The Docket Scraper (as well as the Document Scraper which will look at next) runs asynchronously across multiple Firefox instances, by default two. The no. of instances (workers) running can be adjusted by the `n-workers` option (see the documentation).

*Note: the scraper only keeps the civil and criminal cases, to download a specific case type you can use the ``--case-type`` option.*

**Result**
Once both browsers have finished and closed, all of the cases from the query results file should be downloaded and can be found in *demo/pacer/psc/html*



## 5. Document Scraper
Lastly, we will get the actual documents associated with docket lines of the cases. The docket scraper can take a few different types of inputs, including a list of specific cases, but for this tutorial we will give it the directory of docket *.html* files as an input so that documents for all cases will be downloaded. By default, for each case all documents and attachments will be downloaded.

**Running script**
To use the Document Scraper we run the following:

    pacer-tools scraper -m document -c psc -a demo/auth.json -cl 50 --override-time --document-input demo/document_input.csv demo/pacer/psc
    
 - There is a default limit of 1000 documents per case.

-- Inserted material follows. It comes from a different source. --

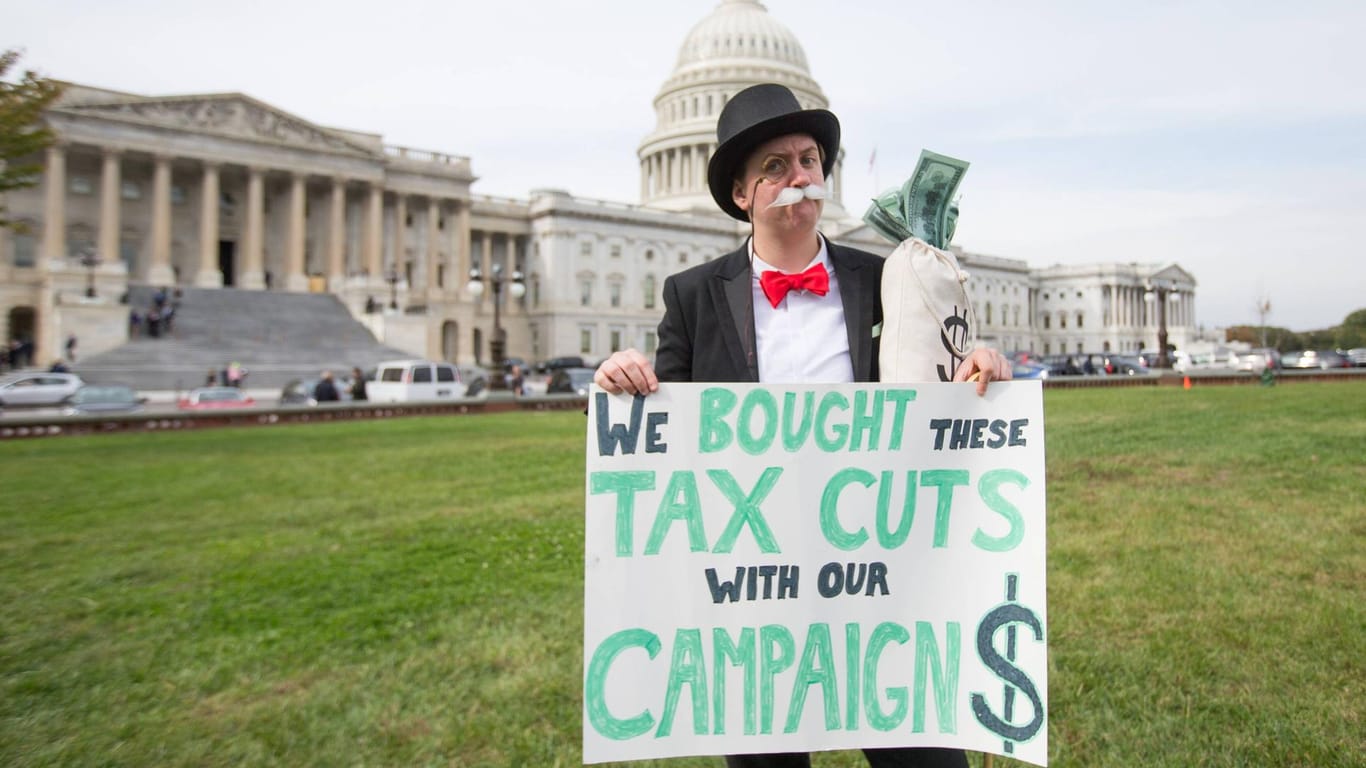 Ein Demonstrant kritisiert die Steuerpolitik Trumps: Kritiker sehen durch die Reformen Reiche und Unternehmen im Vorteil – auf Kosten der Staatsfinanzen.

Any case that has more than 1000 documents will be skipped. This limit can be changed by the  `--document-limit` option.

**Result**
The Document Scraper will usually take significantly longer to run than the Docket Scraper given the volume of documents in most cases. Once the documents have finished downloading they can be found in the *demo/pacer/psc/docs* folder.
 

 **Attachments and specific documents**
 

 - To skip docket line attachments you can use the `--no-document-att` flag.
 - To get specific documents from specific cases, you can use the `--document-input` option to pass a *.csv* file with cases ids and list specific documents to retrieve, see the documentation for more.


To see more specifics, options and use cases check out the detailed documentation [here](src/pacer_tools/code/downloader/README.md).

# Parser Tutorial

This short section explains how to use the SCALES Parser tool to read HTMLs downloaded from Pacer and convert them into JSON format. The parser takes as its input the results of running the [docket scraper](README.md#4-docket-scraper) - namely, a folder of HTMLs.

**Running script**
To use the parser on the HTMLs from the docket scraper in the previous tutorial, we will simply run the following:

    pacer-tools parser demo/pacer/psc/html

**Result**
Once the parser has finished, all the parsed versions of the HTML files can be found in */data/pacer/psc/json*.

To see more specifics, options, and details on the JSON schema, check out the detailed documentation [here](code/parsers/README.md).